Valérie Pécresse, who heads the Ile-de-France region around Paris, has been elected a candidate for the Conservative Les Republicains in the French presidential election next year.

Pécresse – who will work to restore the support that Emmanuel Macron had in place in the last election when he saw opponents from the right – could become the country’s first president if he wins in April.

“For the first time in its history, General de Gaulle’s party, Georges Pompidou, Jacques Chirac and Nicolas Sarkozy will have a female leader to contest the presidential election,” Pécresse told a packed audience.

LR members voted for Pécresse in the final round of voting over the weekend after winning a vote to help other losers and saw Eric Ciotti, a member of parliament in the south and a favorite of LR fighters. He won Ciotti with 61 percent of the 39 votes.

Two of the most popular LR contestants, former EU Brexit negotiator Michel Barnier and Xavier Bertrand, the Hauts-de-France regional leader in the north, were removed this morning, shaking up what experts had predicted before the election. .

The election of Pécresse marks the beginning of the French campaign era.

All major supporters except Macron himself have announced themselves, including Marine Le Pen to the right of the Rassemblement National; Eric Zemmour, an independent anti-immigrant whose sudden rise is similar to Donald Trump; and the mayor of Paris, Anne Hidalgo, who is following the Socialists party elections.

Macron is expected to announce his re-election campaign in early 2022.

Former Minister of Education and Budget under Nicolas Sarkozy, Pécresse, 54, is considered the youngest in the LR. He established himself as an environmentalist, as well as an accountant, and adhered to strict law and order.

His program includes a reduction in administrative duties in France – although he said he wanted to pour more money into justice – and increase the salaries of low-paid workers by reducing their security costs.

With regard to immigration, right-wing planning and one of the main battlefields, Pécresse has said it will bring votes and strengthen the security system.

Ciotti’s unpredictable prowess in primary school – which he led after the first round – underscores Pécresse and LR’s threat that the support of the people of the Conservative Republic could spill blood on Zemmour and his strong French defense as a Jewish and Christian culture expected to fall. persecution by Muslim immigration mass.

Pécresse shook his head at the far right side of his party, denouncing violence, “excessive Islamic secession” and “uncontrolled intrusion”.

“Together we will restore the pride of France and protect the French,” he said.

But when Ciotti on Saturday reiterated his call for the party to have “knowledge, authority and freedom”, Pécresse endorsed the last two and removed “knowledge” and “honor”.

In his remarks, while calling Macron a “zigzag” president who moved right and left, Pécresse said he was looking at leadership and government debt that burdened France in his mind, and encouraged “ignorant Europe”.

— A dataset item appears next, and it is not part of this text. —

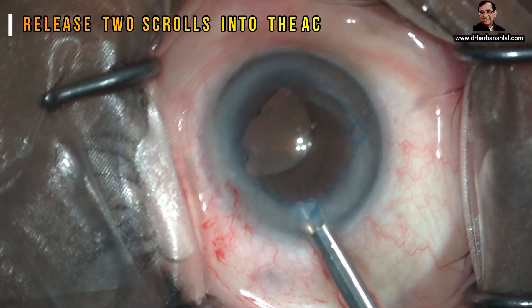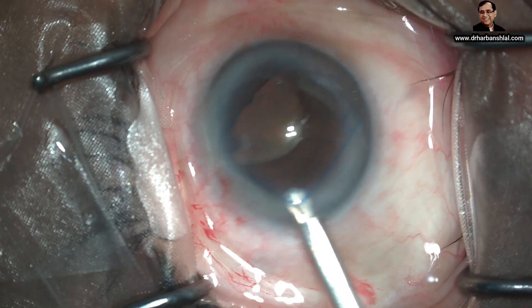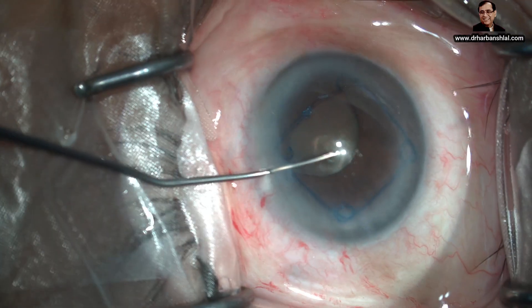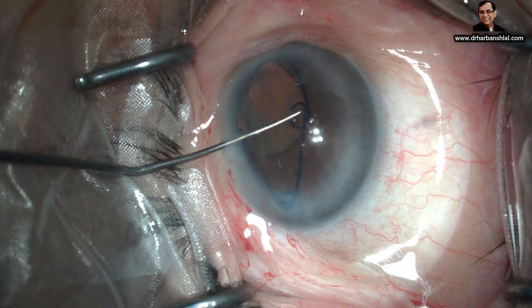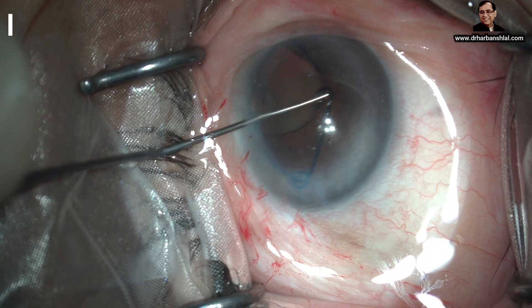We engage the left side because my side port incision is on the left hand side, and I can easily use that side port incision for engaging the right scroll. So the right scroll is pulled, engages the iris border, and we push it.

Macron, who wanted to abandon political values ​​after taking office in 2017 and misleading voters from various quarters on the platform that was “right or left”, still entered the polls.

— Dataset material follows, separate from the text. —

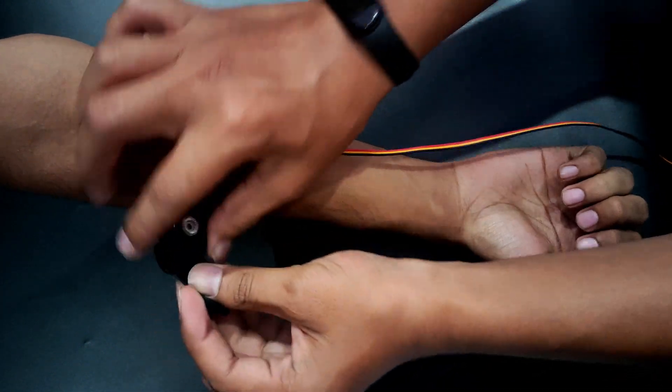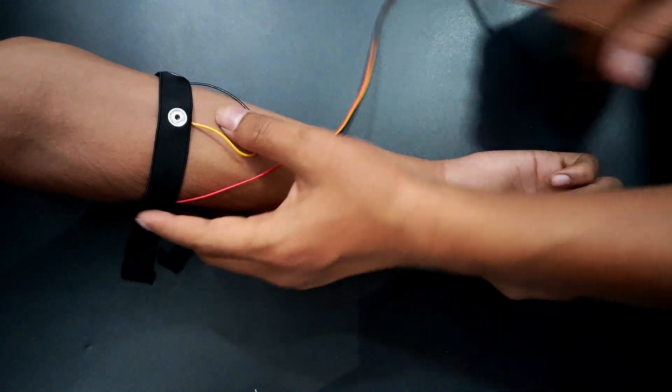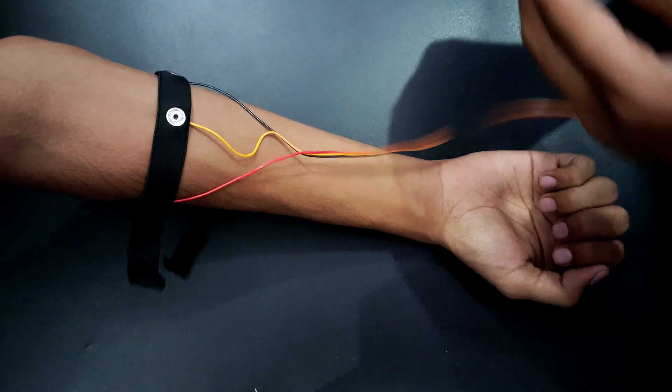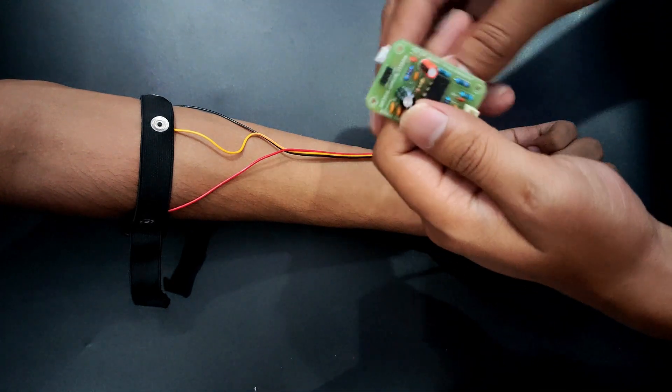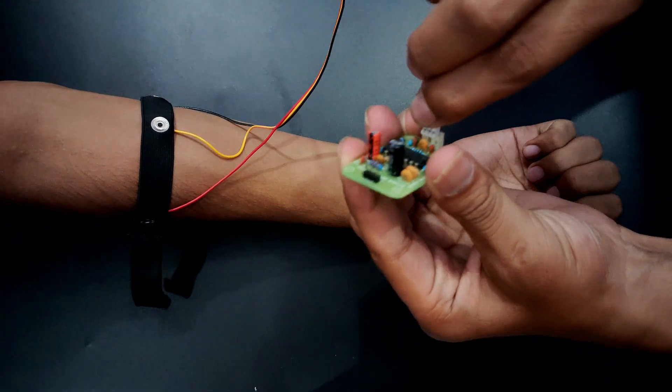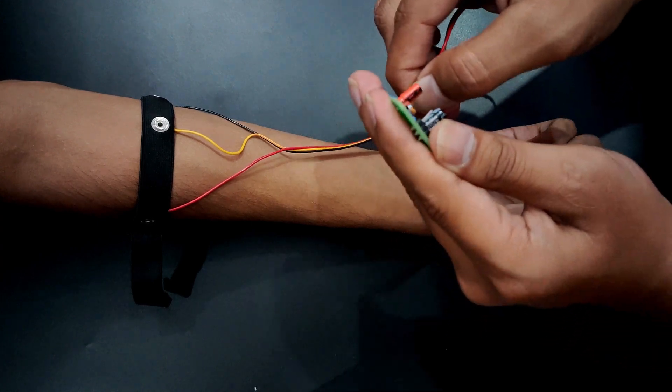We can even tie the band from here. I am taking it from the ulnar nerve to get the best EMG results. Now this connector can be connected directly over here to Muscle BioAmp Biscuit.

His insistence on reform, combined with reform of labor laws, earned him the support of many business leaders, and he benefited in 2017 from the fall of the grace of François Fillon, an LR representative who was seen as a successor to the presidency, who was. involvement in fraudulent campaigns during the campaign.

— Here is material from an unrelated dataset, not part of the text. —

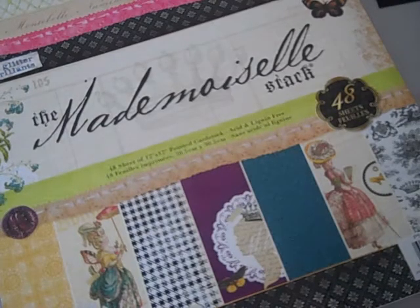Hi everyone, it's Gracie and I'm here today to share with you a kit that I prepared using the DCWV Mademoiselle paper stack. These papers are absolutely gorgeous. I was lucky enough to go into Michaels the other day and they had two stacks left, so I picked them both up and thought that I would make a kit out of these.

Pécresse is looking to get some of those voters back. Voting that took place as a result of the pre-LR race put him at about 11 percent in the first line, half Macron in first place and behind Le Pen and Zemmour. If they fail to do well in the first round of April, they will not be eligible for a second term in a presidential election.

Pécresse endeavored to steer clear of divisive and alienated ideologies such as Zemmour. “Contrary to popular belief, we will tear down the Macron page without damaging France’s reputation,” Pécresse said after winning the election.